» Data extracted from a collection
════════════════════

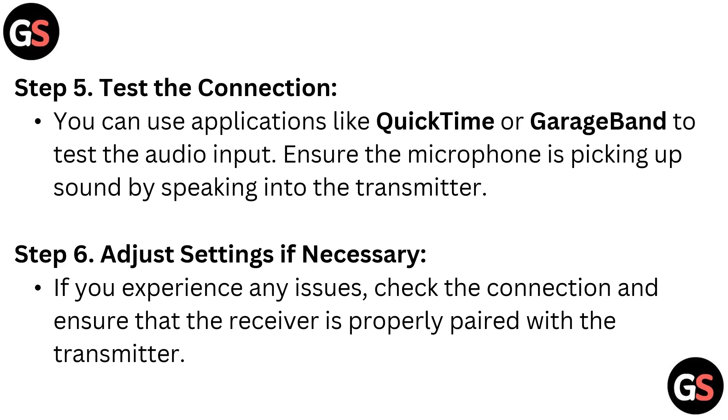Step 5: test the connection. You can use an application like QuickTime or GarageBand to test the audio input. Ensure the microphone is picking up sound by speaking into the transmitter. Step 6: adjust settings if necessary. If you experience any issues, check the connection and ensure that the receiver is properly paired with the transmitter.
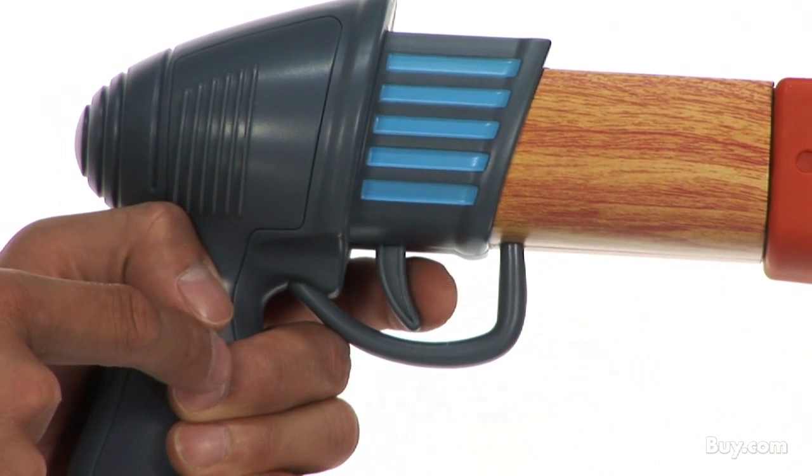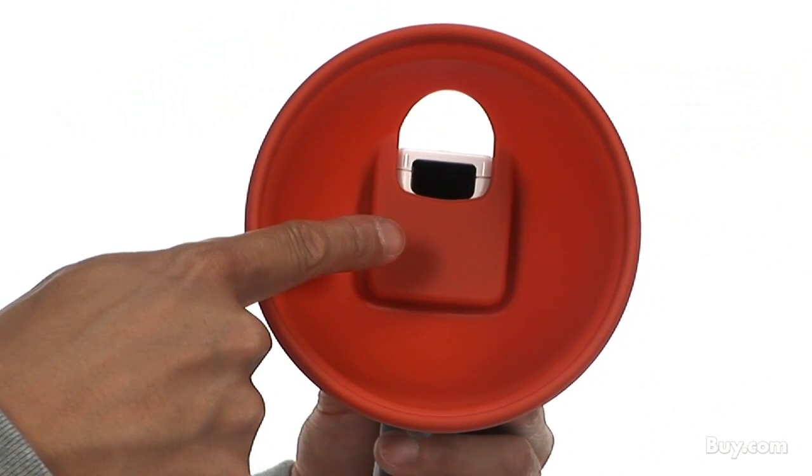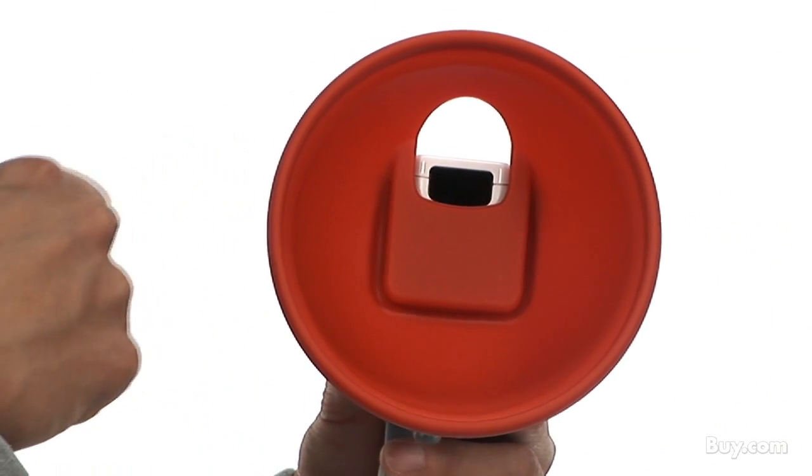The trigger activates the B button on your Wii remote, and the front of the gun is wide open, allowing a perfect line between the remote and the sensor bar.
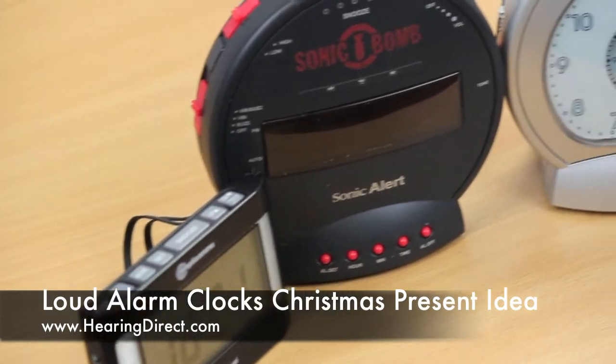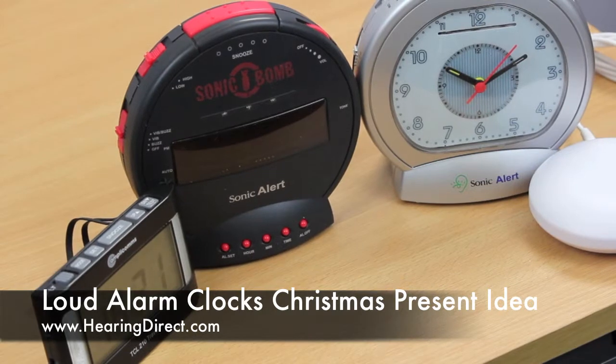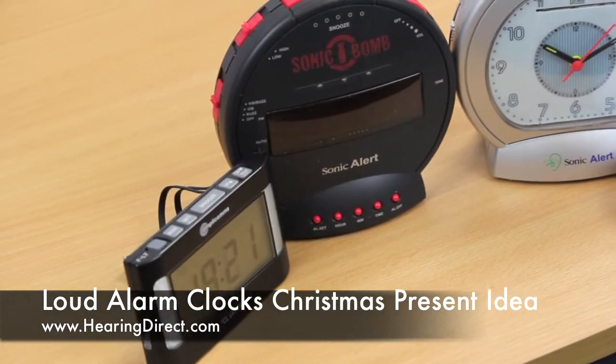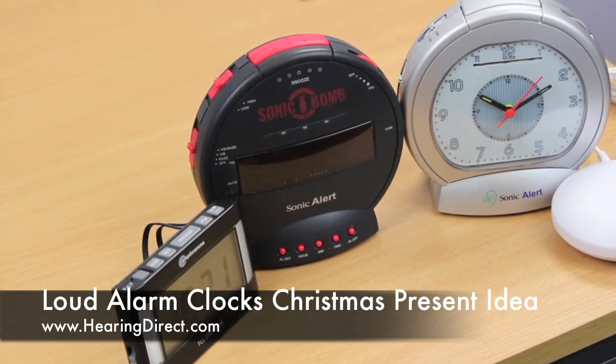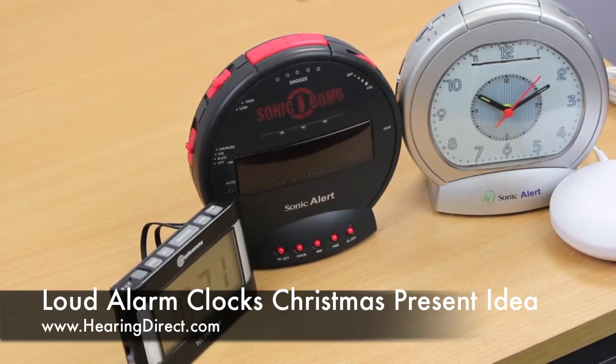There are different options to consider. The two different manufacturers that we use are Amplicom and Sonic Alert from G-Mark. They come in a variety of different styles, as you can see, and a selection of these three will hopefully give you an idea of the kind of options that we have available.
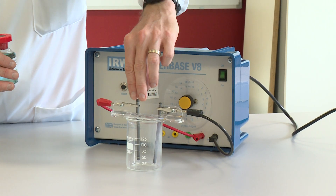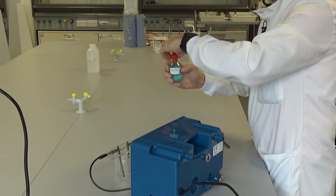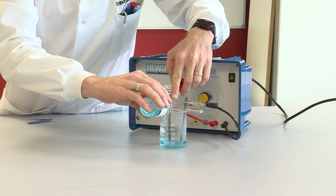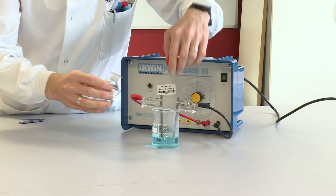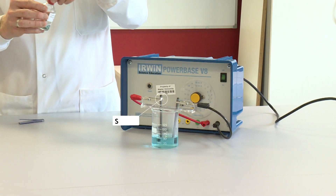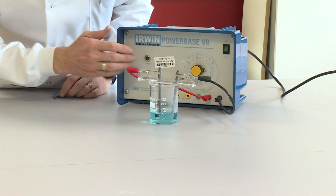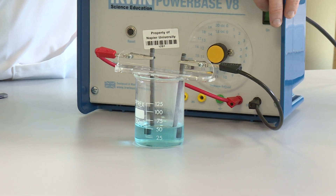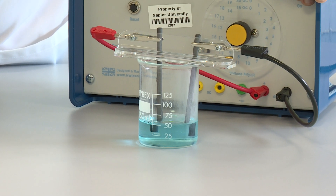I can then add my copper chloride solution to the beaker. You can see copper chloride solution is a blue coloured solution because of the blue coloured copper ions in there. We have the power supply set to 12 volts and I'm now going to turn on the power supply, and we're looking to observe any changes that happen at each electrode.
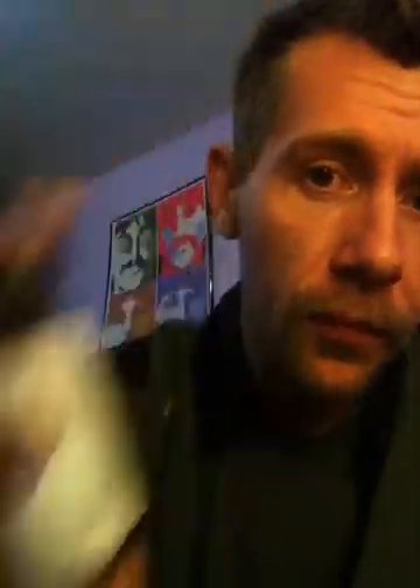I've got it here in six milligram. We'll talk about throat hit, vapor production, smell test — all that kind of stuff. So let's get right into it. Again, this is Peche Foggen Sauce — Clockwork Chai.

════════════════════

» REQUIRED WORK
Verbatim transcription needed, from the opening line of the entries above through the line containing "The trigger activates"; pictures do not belong in it.

» TASK OUTPUT
Step 5: test the connection. You can use an application like QuickTime or GarageBand to test the audio input. Ensure the microphone is picking up sound by speaking into the transmitter. Step 6: adjust settings if necessary. If you experience any issues, check the connection and ensure that the receiver is properly paired with the transmitter.
The trigger activates the B button on your Wii remote, and the front of the gun is wide open, allowing a perfect line between the remote and the sensor bar.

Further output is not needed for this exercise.